Faute De Mieux
Travel, trouble, music, art,
A kiss, a frock, a rhyme-
I never said they feed my heart,
But still they pass my time
-Dorothy Parker
Sunday, June 26, 2011
things we saw in High Park
Thursday, June 23, 2011
New York: Day 4
This is a kangaroo, which we passed every single day on the way to the subway. It lives outside a bodega, which is New Yorker (or Hispanic) for dépanneur. I don't know why. We never saw anyone even think about a kangaroo ride. I kind of love it.
Wednesday, June 22, 2011
New York City: Day 3
Mom mentioned that I wanted to find a suit for a job interview and CM lead us to Saks Fifth Avenue. There, I got a lot of help from a savvy Swiss sales woman, whom Mom (always the tennis fiend) seemed to befriend by saying that Roger Federer was her hero. I managed to find a suit which was classic, flattering and thankfully on sale. I wasn't sure if CM was going to be free for more than lunch, but it turned out that her husband had taken their young kids to see his parents and she was free to have a girls' day in the city. It was good to catch up, and wonderful to have a second and third opinion and also to feel that I could take my time as she and Mom chatted while I tried things on. She did venture off to look at the children's clothes and reported back that she had spied a 'chocolate bar' (as in a desert place specializing in chocolate) upstairs. So we treated ourselves to brownies and coffee; we were on vacation after all.
I had wanted to wander around Soho so we got in a cab and headed south. We browsed shops and galleries and enjoyed the sunshine.
Yes, those are heads on strings in the window.
I liked the view of ordinary people walking the street, more or less oblivious to the skeleton.
Our trip back to Queens by subway was uneventful this time and we got in before midnight.
New York City: Day 2
All photos of the 'Savage Beauty' exhibit are via the Met blog and © Sølve Sundsbø / Art + Commerce
We also passed by the special exhibit of contemporary artists re-interpreting African and Oceanian masks in centemporary materials, which was right up my alley. After the exhibit we had lunch in the cafeteria at the Met (very good, by the way) and decided to continue to the Guggenheim. Along the way it started raining unexpectedly (which was annoying since we had both left umbrellas at the hotel).
We meandered through the intermittent rain to the Lincoln Center. Mom had reserved tickets to War Horse. I didn't know much about it in advance, but Mom had be convinced at "giant horse puppet". We found a really good French restaurant across the street, where they sat us at a communal round table (like one might expect in Chinatown). I wore my dress all day, but carried heels in my purse, knowing that I would regret standing and walking in them all day.

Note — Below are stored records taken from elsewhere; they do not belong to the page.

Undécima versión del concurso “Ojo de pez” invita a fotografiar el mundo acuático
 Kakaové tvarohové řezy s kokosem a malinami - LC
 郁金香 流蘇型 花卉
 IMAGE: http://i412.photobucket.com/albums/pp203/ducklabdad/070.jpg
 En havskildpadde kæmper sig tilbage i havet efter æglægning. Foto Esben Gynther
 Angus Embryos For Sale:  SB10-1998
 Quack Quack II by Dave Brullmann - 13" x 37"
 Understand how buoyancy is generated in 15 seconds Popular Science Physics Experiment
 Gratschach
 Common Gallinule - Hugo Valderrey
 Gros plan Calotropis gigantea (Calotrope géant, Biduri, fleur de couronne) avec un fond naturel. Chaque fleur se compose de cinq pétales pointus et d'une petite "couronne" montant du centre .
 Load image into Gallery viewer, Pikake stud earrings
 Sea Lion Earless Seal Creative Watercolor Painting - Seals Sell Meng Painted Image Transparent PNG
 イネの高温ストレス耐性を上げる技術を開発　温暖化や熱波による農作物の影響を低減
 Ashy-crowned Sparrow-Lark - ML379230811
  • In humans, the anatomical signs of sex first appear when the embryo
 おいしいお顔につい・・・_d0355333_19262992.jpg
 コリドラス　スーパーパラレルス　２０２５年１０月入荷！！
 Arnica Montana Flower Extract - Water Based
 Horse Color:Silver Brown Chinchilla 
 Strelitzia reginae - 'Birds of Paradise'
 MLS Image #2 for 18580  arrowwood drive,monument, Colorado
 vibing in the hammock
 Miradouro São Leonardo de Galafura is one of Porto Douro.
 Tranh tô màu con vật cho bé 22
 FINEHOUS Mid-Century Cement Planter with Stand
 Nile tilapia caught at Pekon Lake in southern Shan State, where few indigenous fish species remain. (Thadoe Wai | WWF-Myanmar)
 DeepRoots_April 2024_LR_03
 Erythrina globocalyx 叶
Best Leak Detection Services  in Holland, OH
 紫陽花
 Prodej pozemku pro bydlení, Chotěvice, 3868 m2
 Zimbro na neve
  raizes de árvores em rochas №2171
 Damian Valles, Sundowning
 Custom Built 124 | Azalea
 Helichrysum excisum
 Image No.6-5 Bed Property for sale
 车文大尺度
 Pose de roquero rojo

The show was tremendous. The more-than-life-sized horse puppets, though stylized, were so naturalistic in movements and 'behaviour' that it was easy to suspend belief. Each horse was enacted by three actors, but felt like its own entity. The acting and singing was compelling. I also really enjoyed the sketches and simple linework black-and-white animation projected on a large white, cloudlike backdrop. The play tells the story of a horse, Joey, and his boy in the English countryside at the turn of the last century. The beloved horse is sold to the English Cavalry with the advent of WWI and the boy lies about his age to join up and try to rescue him. The writing was a bit manipulative of the audience I thought, but perhaps that is reflective of both the subject matter and its origins of a story for children (older children, I hope... warstories are by nature violent). Nonetheless it was great experience.
After the show it took a long time to get back to the hotel. We had decided on a route which would involve only two trains, but our B train never seemed to arrive though three 1's went by... so I made a new plan involving three trains and we made it back after midnight.